Rosh Chodesh Elul begins at sundown Friday, Aug. 30. Our task this month is to become the highest version of ourselves. We begin our preparation as we delve into cheshbon hanefesh, an accounting of the soul.
Before we can transform, though, we must strip ourselves down to the core, acknowledging ways in which we’ve deviated from our paths. If we just concern ourselves with the new appearance without clearing the old, it would be like going to bed with makeup on and applying more over it in the morning without washing our faces, painting over chipped nail polish, or waxing a dirty car so that it looks shiny. That’s only temporary.
Elul is the time to get clear and deep clean our souls. Clean like before a mikvah. Halachah, Jewish law, stipulates that one must be scrupulously clean before immersing, as pristine and unadorned as when entering this earth. Beyond showering and hair washing, conditioner is thoroughly rinsed out, knots combed through, nail polish removed, teeth brushed and flossed. There are no deodorants, perfumes, soaps, jewelry, contact lenses, or anything that might act as a barrier between us and Hashem. What if we all, in the privacy of our own experience of Elul, allowed ourselves to be that pure, honest, naked and vulnerable in the presence of G-d?
We take stock of our actions from the past year. Where did we turn or split away from ourselves, our teachings, our learning, and from our Source of all there is? This process can be painful and uncomfortable, but it can also be freeing.
As we move toward Yom Kippur and atoning for our sins before G-d and each other, we need to clear our holy vessels of emotional toxicity that can burden our systems and create dis-ease. Dis-ease can develop into disease, if left untreated.

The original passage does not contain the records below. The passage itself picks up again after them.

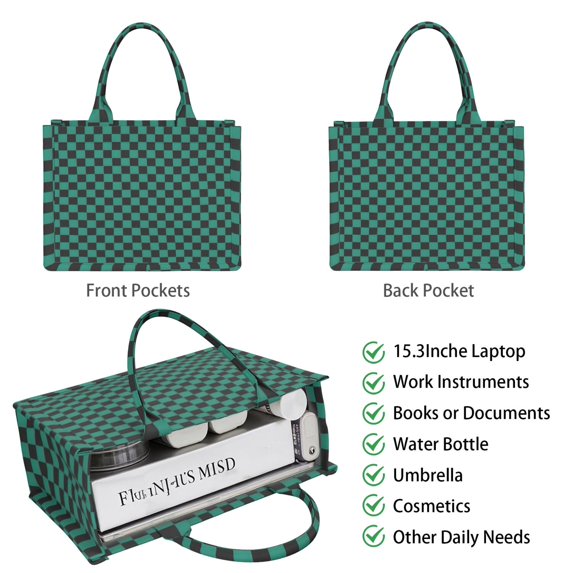 Large Capacity Tote Bag,Teal and Black Checkerboard Pattern Handbag Fashion Luxury Tote Bag,15.7"x13"x 5.1" Inches,Laptop Compatible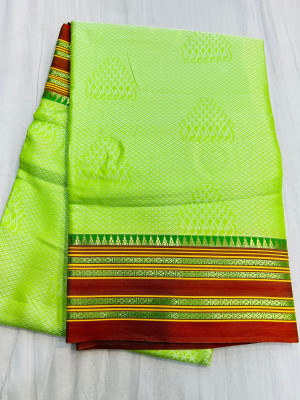 Parrot green color kanchipuram silk saree with golden zari weaving work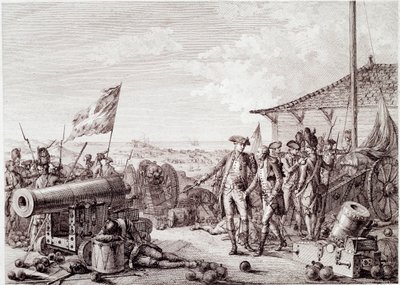 Wojna o niepodległość Stanów Zjednoczonych: Bitwa o Grenadę w dniu 6 lipca 1779 r. między brytyjską marynarką wojenną a marynarką francuską (grawerowanie autorstwa Unknown artist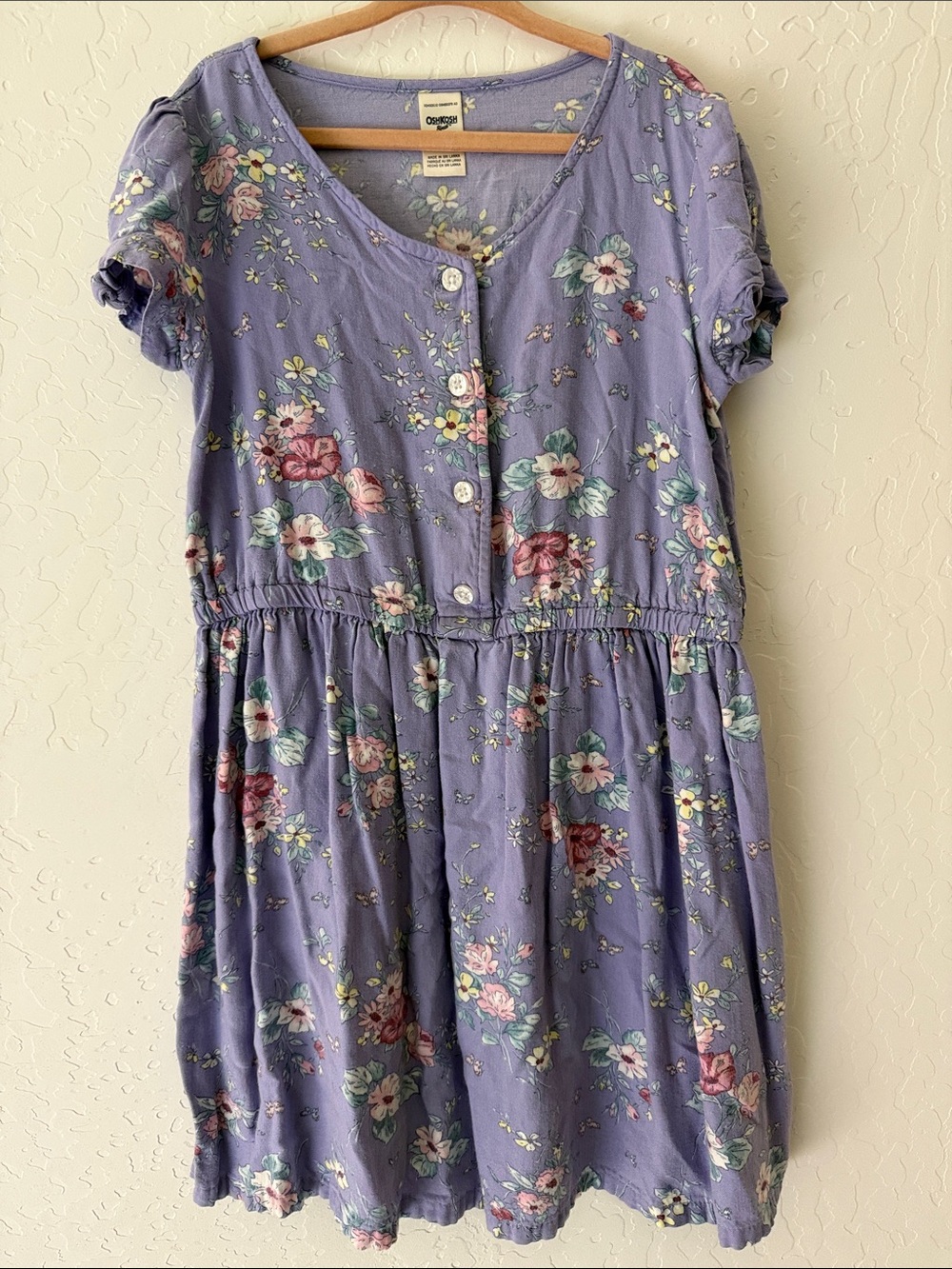 💜 OshKosh B'gosh Lavender Floral Button-Front Dress - Size 8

Fairly recently, I learned about forest bathing, and am set to begin offering forest bathing experiences. The forest is the perfect place in which to do the spiritual work of soul clearing. By way of explanation, forest bathing does not involve rolling around on the forest floor, nor is it standing in the forest in the rain with shampoo and a bar of soap. What it is, is an immersion in the sensory experiences of the forest. Grounding, or earthing, has gained popularity in the last decade or more, as a source of healing. Forest bathing, however, is the English translation of what is referred to as shinrin-yoku, in Japanese. The term was coined in 1982, by Tomohide Akiyama of the Japanese Ministry of Agriculture, Forestry, and Fisheries as a way to appreciate the value of the forest beyond logging. Research supports the healing benefits of unplugging from technology and returning to the woods.
Connection to Mother Nature began at the beginning of time, but re-connection now is more than a trendy antidote to the stressors of living in cities. To discharge and release stress is a vital component of healing. B.P. Tokin discovered in the 1930s that forest healing takes place, in part, because of the phytoncides, from the Greek, phyto, meaning plant, and cide, extermination. Plants emit substances, such as essential oils, that protect them from the harmful effects of the environment. It turns out that, as the plants are protected, so are we, as we share space with them.
To spend time in the presence of trees, hold a smooth stone, or listen to a babbling brook, is to encounter sacred, Divine energy. There is reverence upon entering the sanctuary of a forest. No gear or strenuous hiking is required. Just a willingness to be present and open to receiving and sharing, which is different for each person. There are “invitations,” as the sensory exercises are referred to, that foster a deep sense of peace and relationship to the elements of the woods.
It is believed that each forest bathing experience gives one exactly what is needed.
Meditation Focus: Choose a spot in nature and focus, first on movement, then color, sound, scent and textures. Forest bathe to realign with your neshama, your pure soul.